ご相談者の皆さまが疑問に思われるような法律手続きのお話しや普段聞き慣れない法律用語など身近な法律問題を取り上げて解説致します。
相続手続きを進める場合には原則として故人の出生までの戸籍を集める必要がある
相続が発生すると遺産として一般的に預貯金や不動産をお持ちの場合が多いかと思われます。
遺言書が無い場合は相続人間で遺産の内容を把握し話し合いで決めた遺産分割を進めるために預貯金の解約手続きや不動産の名義変更等の様々な相続手続きを行う必要があります。
相続手続きを行うには銀行・証券会社等の金融機関や法務局等の窓口では遺産分割協議を行った法定相続人全員の署名捺印が揃っているかを確認証明するために故人の出生~死亡までの戸籍や相続人の現在戸籍の提出が求められます。
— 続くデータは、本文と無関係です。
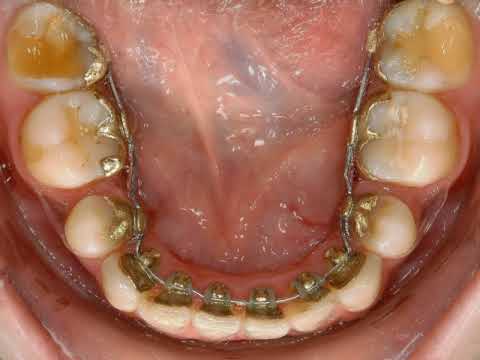 orthodontie linguale incognito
故人の出生までの連続した戸籍が求められるのは故人の過去の戸籍の記載情報欄に法定相続人である子供が何人いるのか第三者である手続きの窓口機関が確認するものとして重要な資料となるからです。
したがって、一般的には生まれた時までの戸籍を求められることが多い訳ですが、故人の遡った戸籍を収集していると旧樺太等で出生したために本籍地が過去にあったという情報が記載されている場合あります。
このような場合に相続実務ではどのように進めていくのか本コラムでは説明致します。
旧樺太の戸籍とは
北海道の北に位置する南北に細長い島で1945年8月、第2次世界大戦で南樺太を放棄するまで日本の領有下にあり約40万人以上の日本人が暮らしていたといわれます。
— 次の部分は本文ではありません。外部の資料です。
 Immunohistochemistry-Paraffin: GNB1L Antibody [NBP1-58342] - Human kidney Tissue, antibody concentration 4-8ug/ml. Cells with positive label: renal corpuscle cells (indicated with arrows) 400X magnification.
戸籍簿等の原本は終戦時に現地から持帰られ,その後に樺太庁残務整理事務所やその業務を継承した外務省外地整理室に持込まれ,戸籍法上の戸籍簿ではなく,行政文書のひとつとして外務省において事実上保管されております。
外務省が保管する戸籍について
外務省では旧樺太に関する戸籍事務を行っているわけではありませんので戸籍の交付を受けることは出来ません。
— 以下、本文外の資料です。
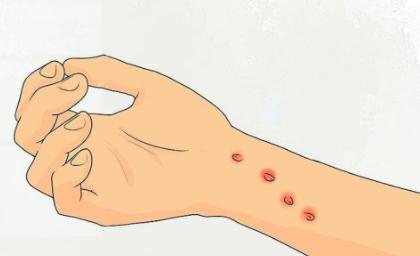 如果猫抓伤了手怎么办,家猫抓伤怎么办最快最有效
ただし、故人の旧樺太の本籍地が外務省が保管する行政文書に該当する場合には便宜的にその開示請求を受付ていますので「旧樺太の戸籍に関する証明」を交付して貰うことが可能です。
外務省が保管している旧樺太の戸籍簿
•大泊郡知床村 戸籍簿 15冊 除籍簿 3冊
•大泊郡富内村 戸籍簿 1冊
•大泊郡遠淵村 戸籍簿 4冊
•敷香郡内路村 戸籍簿 9冊
•敷香郡散江村 戸籍簿 4冊
•元泊郡元泊村 戸籍簿 8冊
注意すべきポイント
上記の6村に該当する場合のみ「旧樺太の戸籍に関する証明」の請求を行うことが可能となり保管していない場合には保管していない旨の回答を受けるのみとなります。
また戸籍簿及び除籍簿は終戦時に戸籍事務が中断し,現地から持ち出されているため、終戦時以降の婚姻や出生等,更には終戦後の内地への転籍などは記載されていないということです。
また旧樺太戸籍については戸籍法関係の諸規定は適用されないため,戸籍法に基づいた請求等は受付けられていないため当然正規の戸籍とはなりません。
上記の6村に該当しない場合には請求自体も出来ないということになります。
〇相続手続実務の対応
相続手続を進める場合の実務としては、事前に窓口で確認したうえで、旧樺太に本籍があった故人について戸籍を遡る必要があるときは、前述した保管対象の6村に該当する場合には外務省に「旧樺太の戸籍に関する証明」を申請し、戸籍が保管されていないときは、「保管していない旨の回答」を取得します。
さらに、遺産分割協議書の記載文言に「他に相続人がいない旨」を追記し署名捺印のうえ、法定相続人全員の印鑑証明書を添付していくことで各窓口で対応して頂いているのが現状といえます。
北方領土に関する戸籍について
なお、歯舞群島にかんするものは根室市が保管しています。